The rapidly changing climate is being driven by the increase in greenhouse gas (GHG) concentrations in the atmosphere (chiefly carbon dioxide, CO₂, methane, CH₄ and nitrous oxide, N₂O).
These are being released by fossil fuel use and by deforestation and other land use changes. These changes in the land surface also affect the way the sun’s energy is dissipated through reflection, heating, or evaporation.
Climate change mitigation describes the measures which reduce GHG concentrations in the atmosphere, through decreasing or preventing their emissions, and removing greenhouse gases from the atmosphere.
The growth of trees and other woody plants results in CO₂ being taken out of the atmosphere to form woody tissues which are a major part of the ‘carbon stock’ of an area. Approximately 50% of the dry mass of woody material is comprised of carbon. A growing stand of trees therefore represents a net removal of CO₂ from the atmosphere. The carbon remains in the wood until released by decomposition (a slow process) or combustion (rapid).
During tree growth some of the organic carbon is also transferred to soils, through the roots, deadwood, and leaf litter. In many woodlands, the soil contains more carbon in litter layers, humus, and combined with soil minerals than held in the trees themselves. Cultivated soils often have much reduced carbon content, so tree planting and woodland creation in these soils usually results in an increase in soil carbon stocks, resulting in net removal of CO₂ from the atmosphere.

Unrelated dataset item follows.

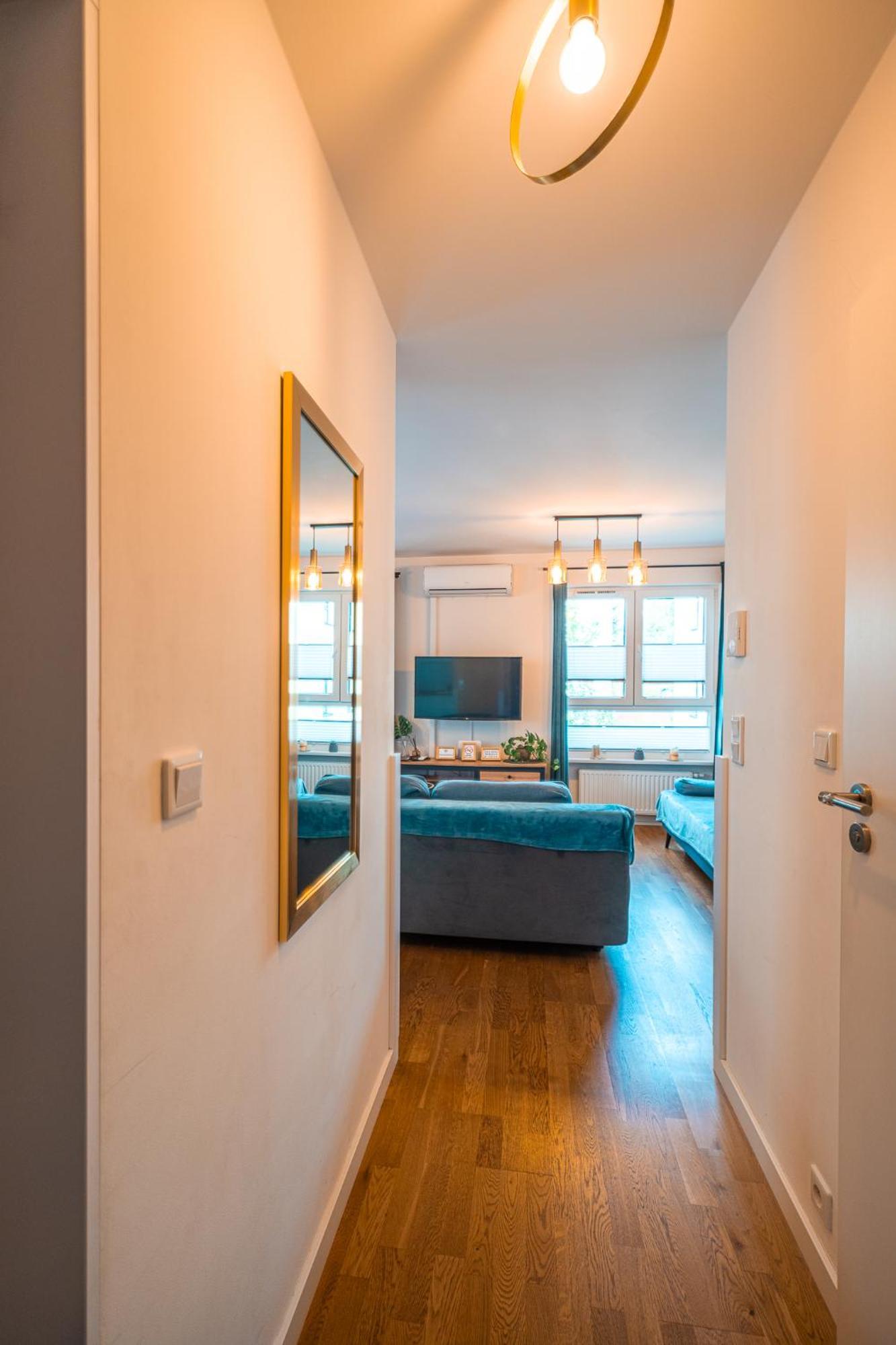 Apartament Chmielna Gold Краків Екстер'єр фото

If trees are harvested and wood used in place of materials that are derived from fossil fuels, or that use more fossil fuel energy in their manufacture, then wood use can reduce fossil fuel use and the consequent greenhouse gas emissions. The net mitigation benefit will depend on the longevity of the wood product, and what it is replacing or ‘substituting’. Timber used in long-term construction to replace concrete, bricks or steel has a large benefit, while short-lived materials such as packaging and fencing will have less. While combustion of wood fuel will have the least benefit, it can still help to ‘keep fossil fuels in the ground’.
Increasing the domestic supply of timber from new or existing sustainably managed woodlands can reduce the demand for imported timber. This will reduce fuel use and emissions in transport as well as reducing the global demand that contributes to over-harvesting from natural forests and deforestation.

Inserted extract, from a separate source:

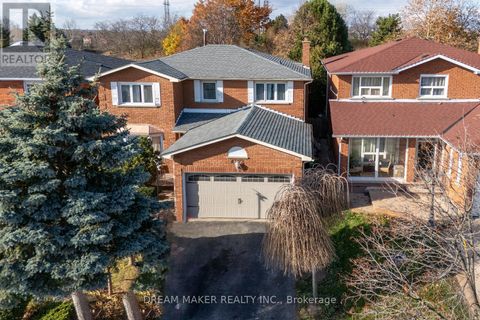 4272 WAKEFIELD CRESCENT Mississauga (Creditview) ON L5C4M4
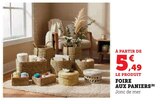 Foire aux Paniers en promo chez Super U Mérignac à 5,49 €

As well as mitigating the chief causes of climate change, trees and woodlands can also reduce the impacts of climate change to people, property, infrastructure and the wider environment. For example, woodlands can reduce surface run-off after high rainfall events, improve air quality, and provide shelter, shade and cooling for people in towns and cities, and for livestock and aquatic habitats in the countryside. These ecosystem services support the adaptation of other sectors to climate change, as long as the trees themselves are resilient.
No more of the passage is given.